▸ **WORK INSTRUCTIONS**
Among the entries below, one line contains "Used 2021 Jeep" and another contains "Bandring / Ehering". Transcribe those two lines and every line between them, exactly.

─── DATA ───

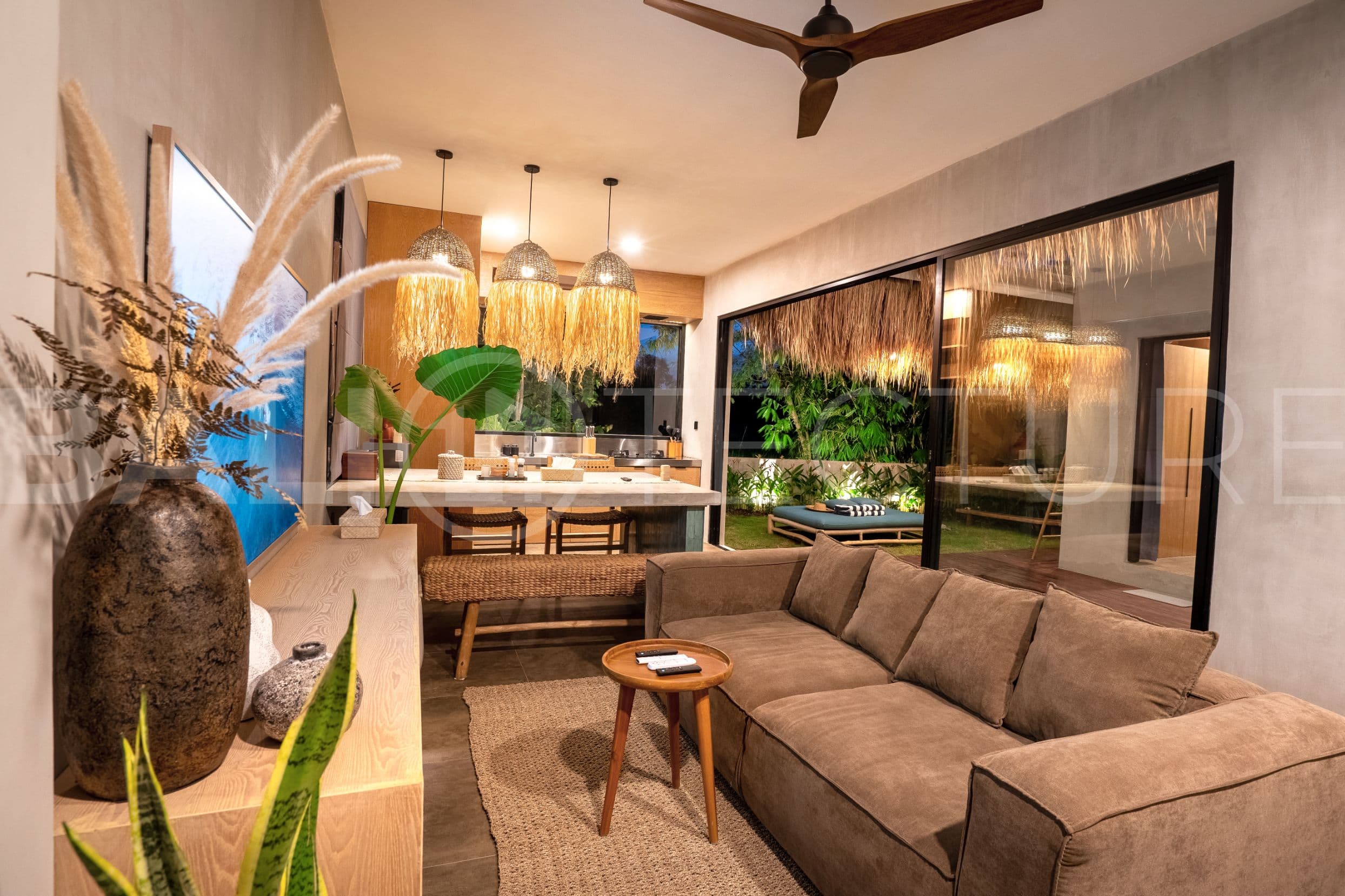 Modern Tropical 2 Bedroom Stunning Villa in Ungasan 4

───
─── DATA ───

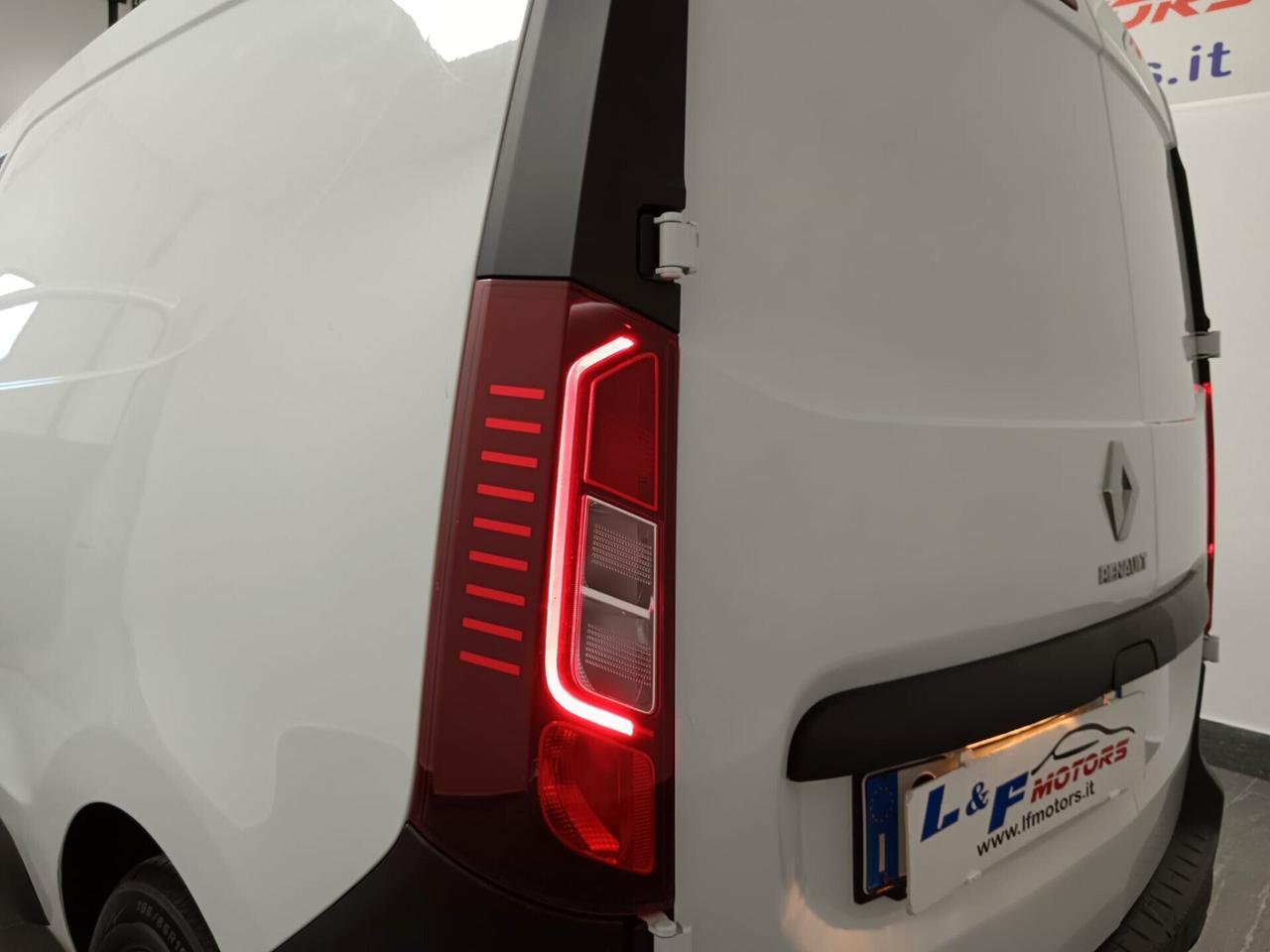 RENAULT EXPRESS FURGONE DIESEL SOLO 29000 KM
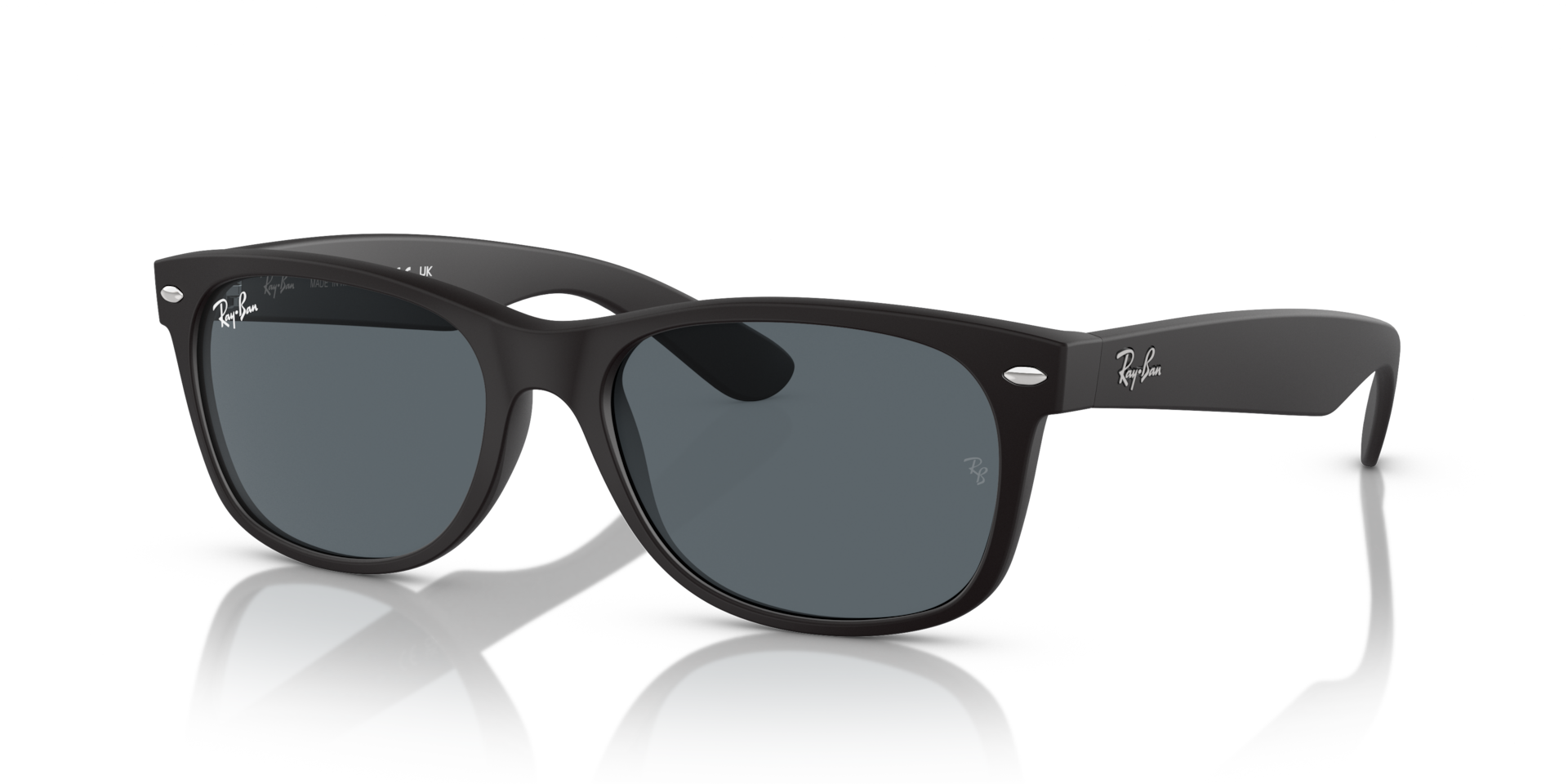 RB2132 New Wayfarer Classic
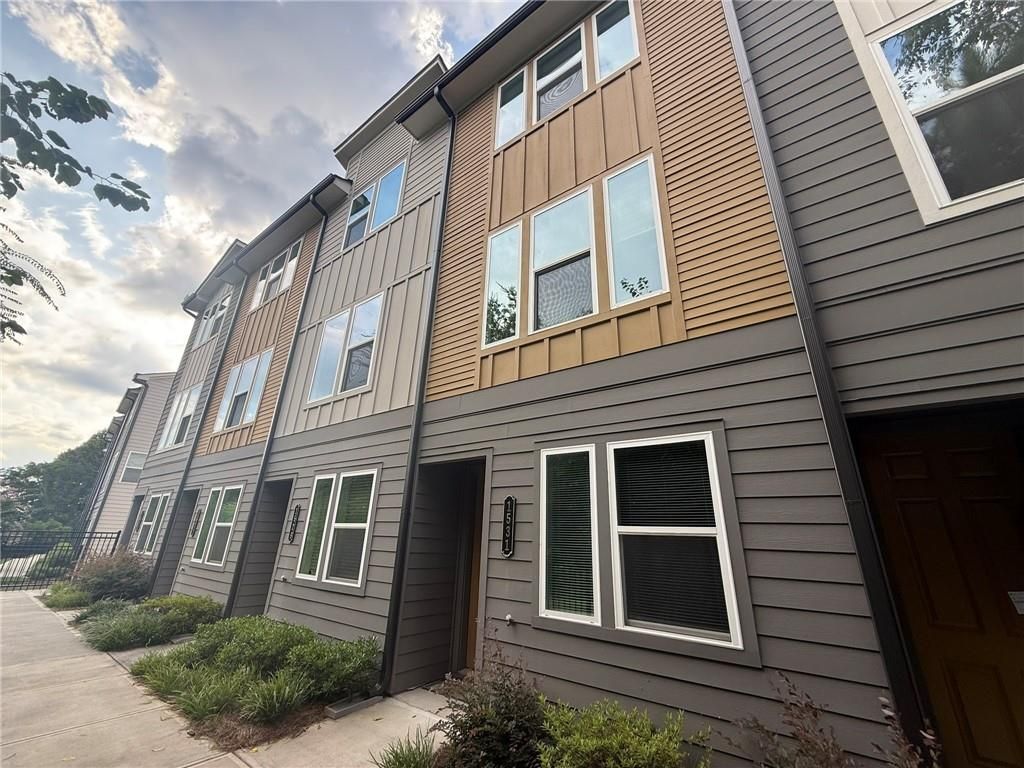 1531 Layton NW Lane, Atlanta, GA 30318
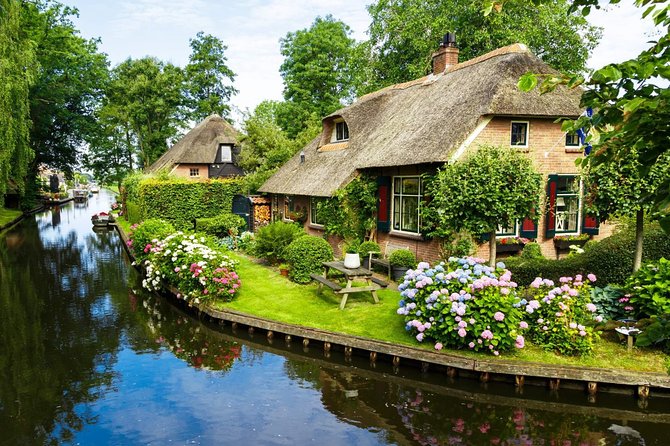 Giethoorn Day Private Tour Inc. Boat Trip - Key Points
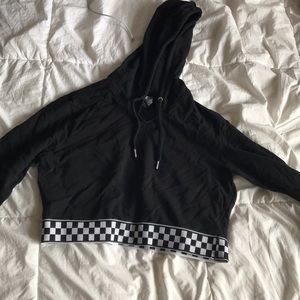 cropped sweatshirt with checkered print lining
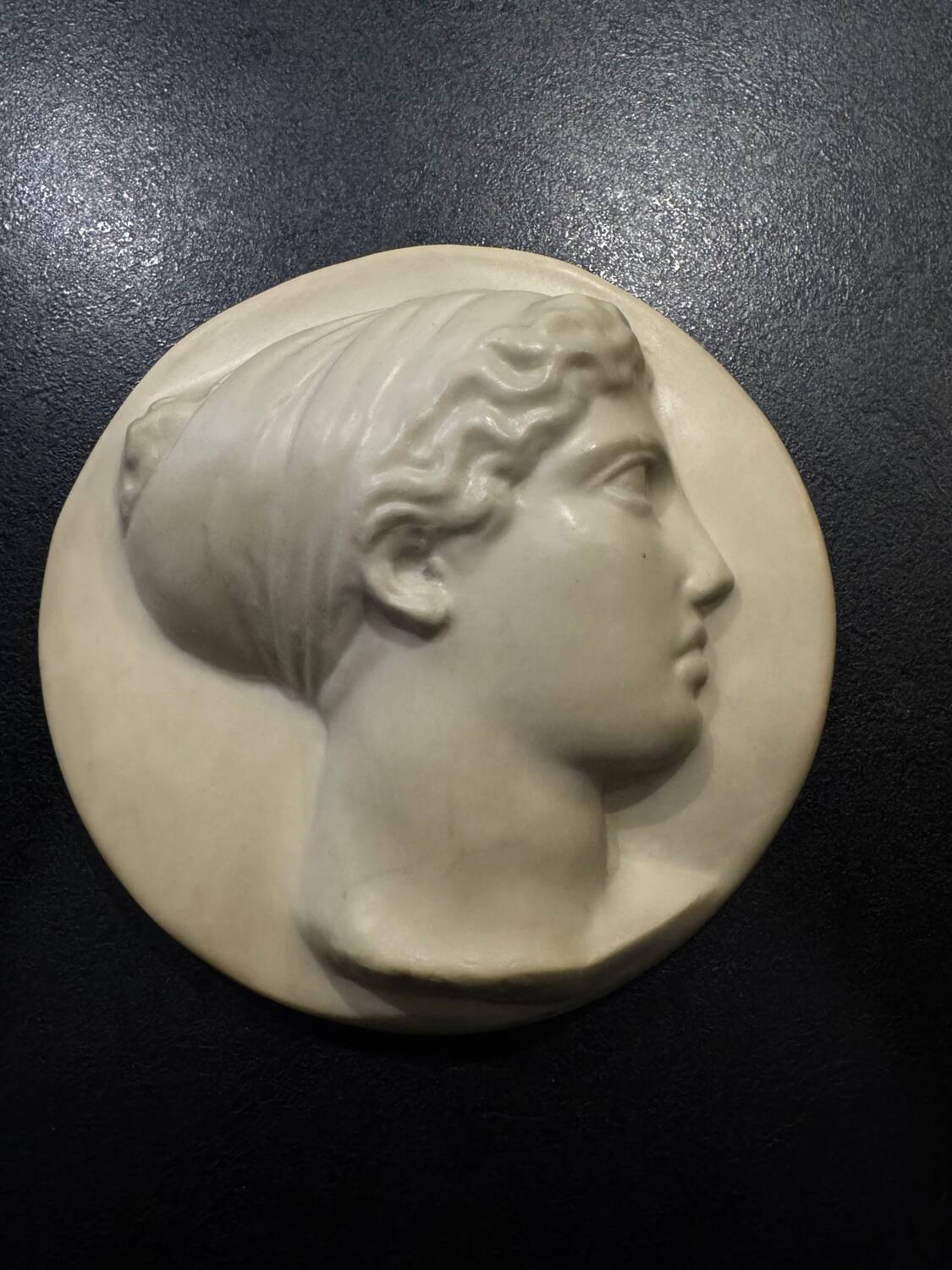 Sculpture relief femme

───
─── DATA ───

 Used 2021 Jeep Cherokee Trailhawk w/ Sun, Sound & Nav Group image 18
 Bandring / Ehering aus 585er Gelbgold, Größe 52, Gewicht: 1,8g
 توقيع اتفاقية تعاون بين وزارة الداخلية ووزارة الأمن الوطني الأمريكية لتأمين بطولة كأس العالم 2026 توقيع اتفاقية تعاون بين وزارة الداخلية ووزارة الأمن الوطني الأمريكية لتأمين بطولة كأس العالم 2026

───

▸ **ANSWER AREA**
 Used 2021 Jeep Cherokee Trailhawk w/ Sun, Sound & Nav Group image 18
 Bandring / Ehering aus 585er Gelbgold, Größe 52, Gewicht: 1,8g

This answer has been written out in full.